AWS: Fix sdk-ScheduledExecutor thread leak by sharing a single executor across S3 clients by xiaoxuandev · Pull Request #16129 · apache/iceberg

xiaoxuandev · 2026-04-27T15:12:25Z

Summary

When CachingCatalog evicts a table entry and GlueCatalog creates a new S3Client on reload, the old S3Client's sdk-ScheduledExecutor threads are never shut down (threads are GC roots and cannot be reclaimed). In long-running applications like Spark Thrift Server, this causes unbounded thread accumulation leading to native OOM crash.

Root Cause

When ScheduledThreadPoolExecutor creates its core threads, they inherit the parent thread's inheritableThreadLocals. In Spark Thrift Server, the parent thread holds SparkSession → SessionState → CatalogManager → SparkCatalog → FileIOTracker → Caffeine cache → S3FileIO. Every sdk-ScheduledExecutor thread copies this chain, and since live threads are GC roots, the entire object graph is rooted — not just the threads, but also the S3FileIO instances, S3Clients, and everything they reference.

Fix

Share a single ScheduledExecutorService (pool size 5, matching AWS SDK v2 default) across all S3Clients created by Iceberg's AWS client factories. The shared executor creates its threads only once at startup. S3FileIO instances are then held only via the Caffeine cache's normal entries — when evicted from the cache, they become unreachable and are collected normally.
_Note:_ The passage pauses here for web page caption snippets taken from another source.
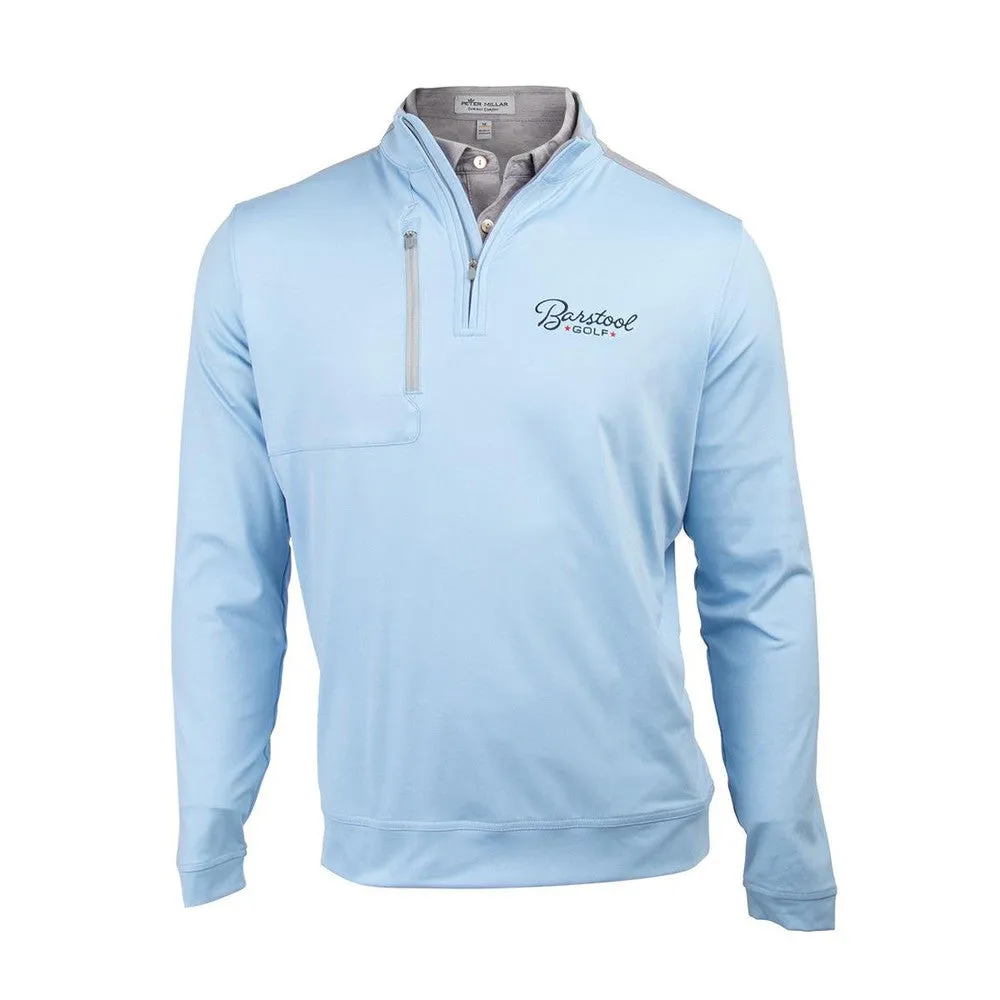 Peter Millar x Barstool Golf Bowen Performance Quarter Zip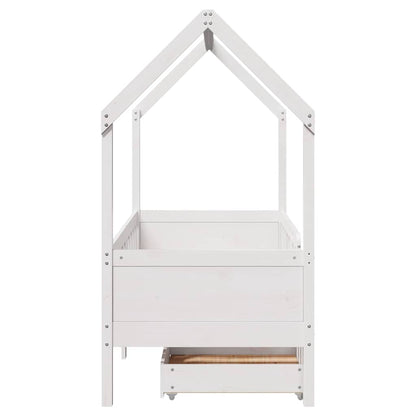 Giroletto Bambini con Cassetti 70x140 cm Legno Massello di Pino | homemem39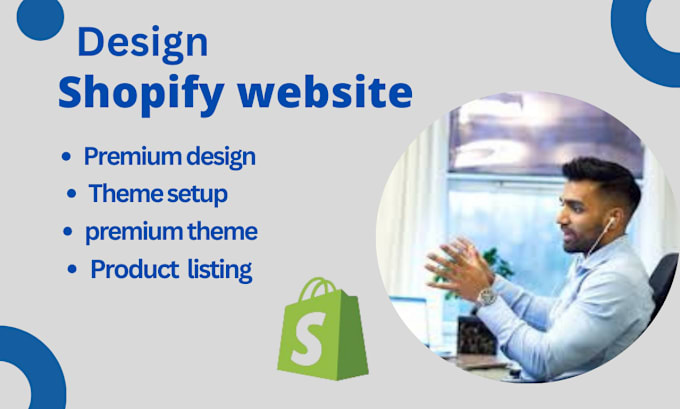 Gig Preview - Design automated shopify dropshipping website and redesign shopify store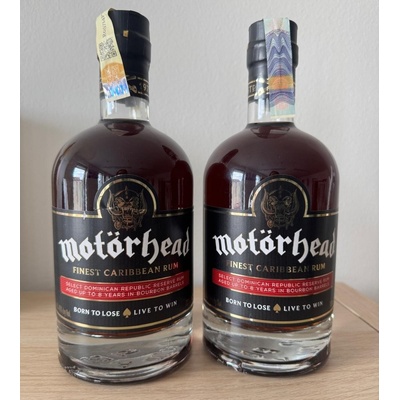 Motorhead Premium Dark Rum 40% 0,7 l (holá láhev)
This eliminates both the thread leak and the object leak by preventing the creation of new GC-rooting threads that inherit ThreadLocals.

Closes #15898

Changes

Added applySharedScheduledExecutor method to S3FileIOProperties that injects a shared executor into the S3 client builder
Applied the method in all sync S3 client factory paths (AwsClientFactories, AssumeRoleAwsClientFactory, LakeFormationAwsClientFactory, DefaultS3FileIOAwsClientFactory)
Wrapped the shared executor with NonClosingScheduledExecutorService to prevent the AWS SDK from shutting it down on S3Client.close() (the SDK's AttributeMap.closeIfPossible() calls shutdown() on any ExecutorService)
Added configuration properties:
- s3.shared-scheduled-executor.enabled (default: true) — opt-out switch

Testing

manual testing with Spark Thrift Server
unit tests

Known Limitations

Async S3 client path (S3AsyncClient.builder()) is not covered. The default path uses CRT which has its own thread model and is unaffected. The standard async builder path (when s3.crt.enabled=false) has the same leak but is deferred to a follow-up.

anoopj

I think this fixes the thread exhaustion problem in #15898 (thanks for working on this fix) by sharing the S3 executors.

But don't we still have a problem with S3 clients getting leaked? That would manifest as Java objects requiring heap space, open TCP connections etc?

So I worry that we are fixing the symptom and not the root cause of the leak.

xiaoxuandev · 2026-04-27T17:48:12Z

@anoopj Thanks for the review! Good question.

This also addresses the S3Client object leak as well, not just the thread exhaustion.

Why S3Clients were leaking before: Each S3Client created its own ScheduledThreadPoolExecutor whose core threads block indefinitely on DelayedWorkQueue.take(). These threads are GC roots, and they hold a reference back to the executor via the worker's run loop. This anchors the executor in memory, and since the S3Client is reachable from the executor's task infrastructure, the entire chain (thread → executor → S3Client → S3FileIO) stays strongly reachable. GC cannot collect any of it.

Why the shared executor fixes this: With a shared executor, the S3Client no longer owns any threads. After eviction, there are no GC roots holding the S3Client, it becomes unreachable and GC collects it normally.

Verification on our test cluster (Thrift Server, cache.expiration-interval-ms=10, continuous queries):

Repeated jmap -histo over time shows S3FileIO instance count oscillating between 20-26, never accumulating.

anoopj · 2026-04-27T17:52:12Z

Thank you for clarifying. But why does AWS SDK's S3Client maintain a reference to Iceberg's S3FileIO? The relationship is actually inverted - is there a callback or something from S3 client to S3 file I/O for some reason?

xiaoxuandev · 2026-04-27T19:06:58Z

Good catch on the inverted relationship question, you're right that S3Client doesn't directly reference S3FileIO. I did a heap dump analysis and found the actual root cause is inheritableThreadLocals.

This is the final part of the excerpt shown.